Zhou reveals he was a victim of bullying due to his nationality

Zhou Guanyu is enjoying his debut season in Formula 1, racing for the Alfa Romeo team, the sports first Chinese driver 'living the dream' after some dark moments where he thought the pinnacle of motorsports may be a little too far out of his reach.

To news overview © XPB Images

Like several other rookie drivers before him, Zhou Guanyu started his F1 career off by scoring points in his maiden Grand Prix. However, for the next seven races, he struggled to make it into the top 10 before crossing the line in eighth place in Canada a week ago.

Feeling a lot stronger in his role in the sport, Zhou has looked back over his early days in racing, starting with karting, and explained how there were times he thought he wouldn't make it all the way to the top.

Speaking with RacingNews365.com, Zhou discussed how he made it from karting to F1 and dealt with the racism and bullying from his competitors because he was the only Chinese driver in the series.

The only Chinese driver in the series

"I have to say in [my] karting days, [it was] not too bad.
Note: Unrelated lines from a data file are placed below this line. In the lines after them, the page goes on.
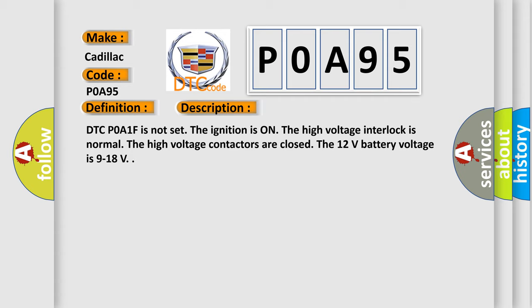DTC P0A1F is not set. The ignition is on, the high voltage interlock is normal. The high voltage contactors are closed. The 12 volt battery voltage is 9 to 18 volts.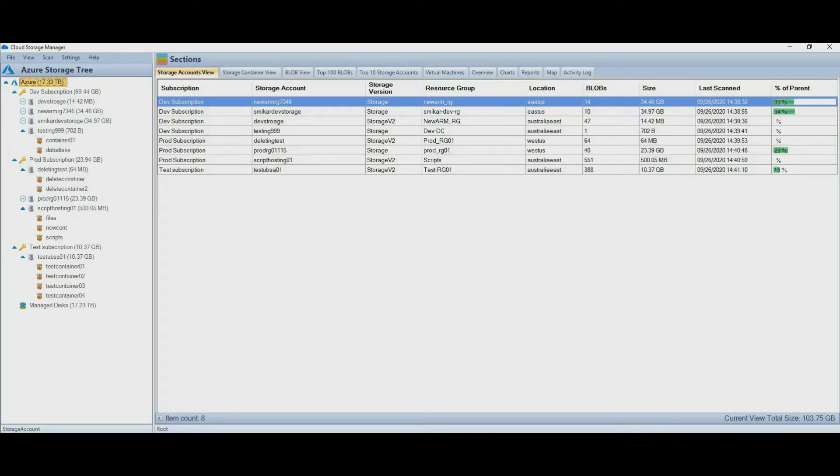Hi! In this video, I'm going to give you an overview of Cloud Storage Manager which will let you see exactly where your Azure storage consumption is going.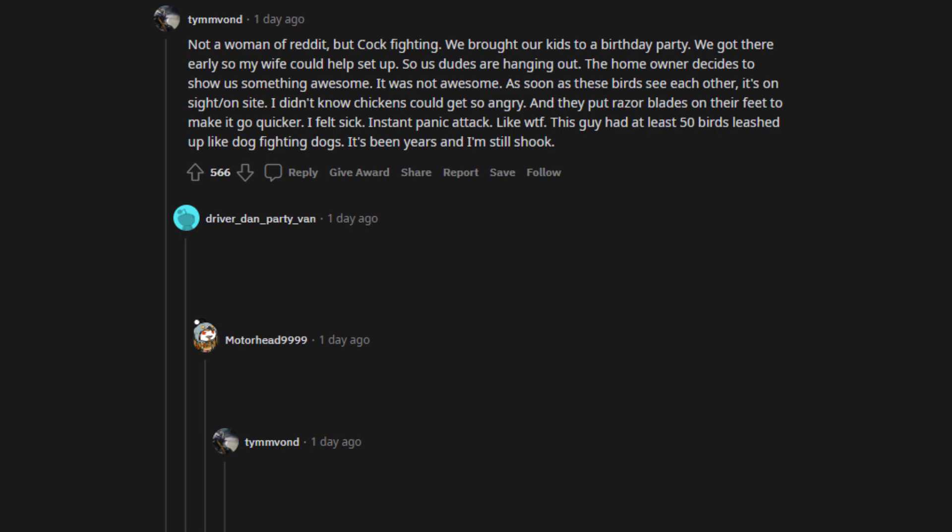Not a woman of Reddit, but cockfighting. We brought our kids to a birthday party. We got there early so my wife could help set up. So us dudes are hanging out. The homeowner decides to show us something awesome. It was not awesome. As soon as these birds see each other, it's on sight. I didn't know chickens could get so angry. And they put razor blades on their feet to make it go quicker. I felt sick. Instant panic attack.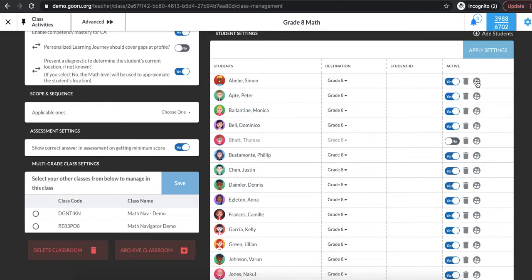This can be particularly helpful when asking students to navigate from one page to another or if they need assistance finding an assignment you've posted.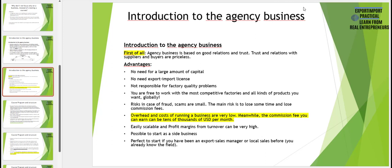The agency business is first of all based on good relations and trust. Trust and relations with your suppliers and buyers are actually priceless and these are your first priority in this business. That is the reason why professional communication is so important.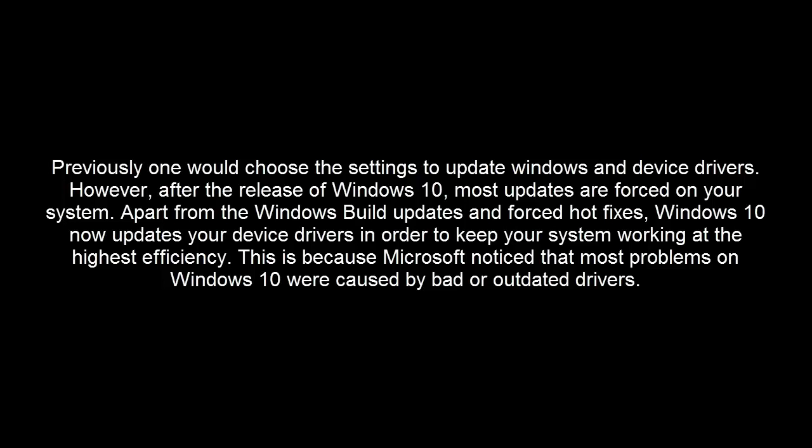Hi, in this video we're going to discuss how to disable Windows 10 from automatically installing Realtek drivers.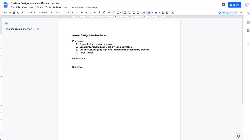To summarize the procedure: start with scoping, spending about three to four minutes; then do constraints analysis, another three to four minutes; then the design overview, usually about ten minutes; and the remaining time goes into detailed design, scalability, and reliability topics.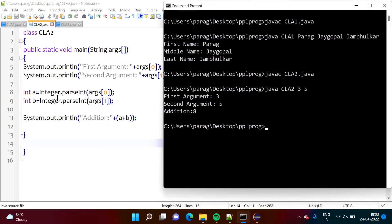Before calculating the addition, we have to convert the arguments to integer — that's why we call the parseInt method. It is a method that belongs to the Integer class, so we call it using the Integer class name. Similarly, we have to convert the second value to integer by calling parseInt and then add them.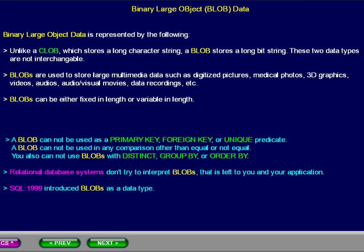BLOBs can be either fixed in length or variable in length. A BLOB cannot be used as a primary key, foreign key, or unique predicate. A BLOB cannot be used in any comparison other than equal or not equal. You also cannot use BLOBs with a distinct, group by, or order by.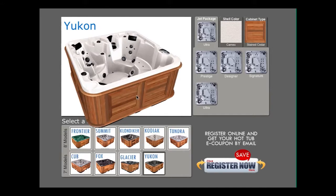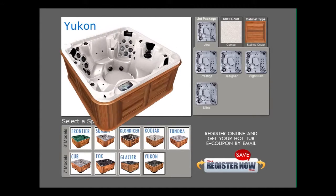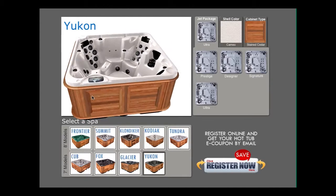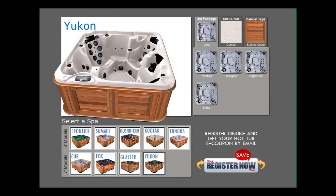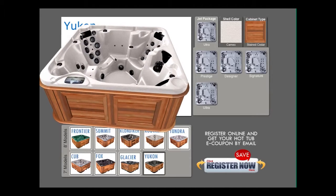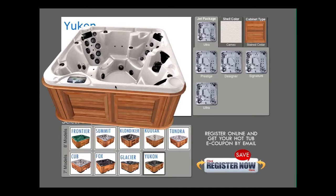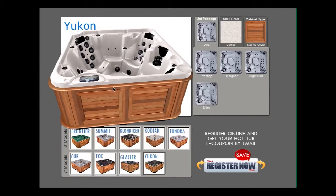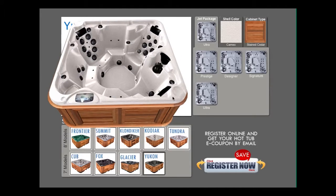Welcome to our 3D Build a Spa, where you can build your hot tub exactly to your preferences. Please wait while the application loads, then simply select your spa model from below and choose your jet configuration, color, and cabinet stain on the right.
It's more like it's climbing up to the level of single-seaters, because basically in the karting days it's quite straightforward," he explained.

"I was able to do pretty well after one year of practicing all that, but there were times in the karting days with people crashing you out, pushing you off on purpose, because I was basically the only Chinese face around the paddock."

Despite the bullying he received, Zhou put his head down and concentrated on getting solid results, and that's how he secured some well-deserved respect.

"You know, you get kind of like a little bit bullied, with other more important or more experienced drivers, because that's causing a lot of bumper racing together," he added.

"So, it's tough, but then it wasn't something special. I was able to earn my respects quietly by doing well on track.”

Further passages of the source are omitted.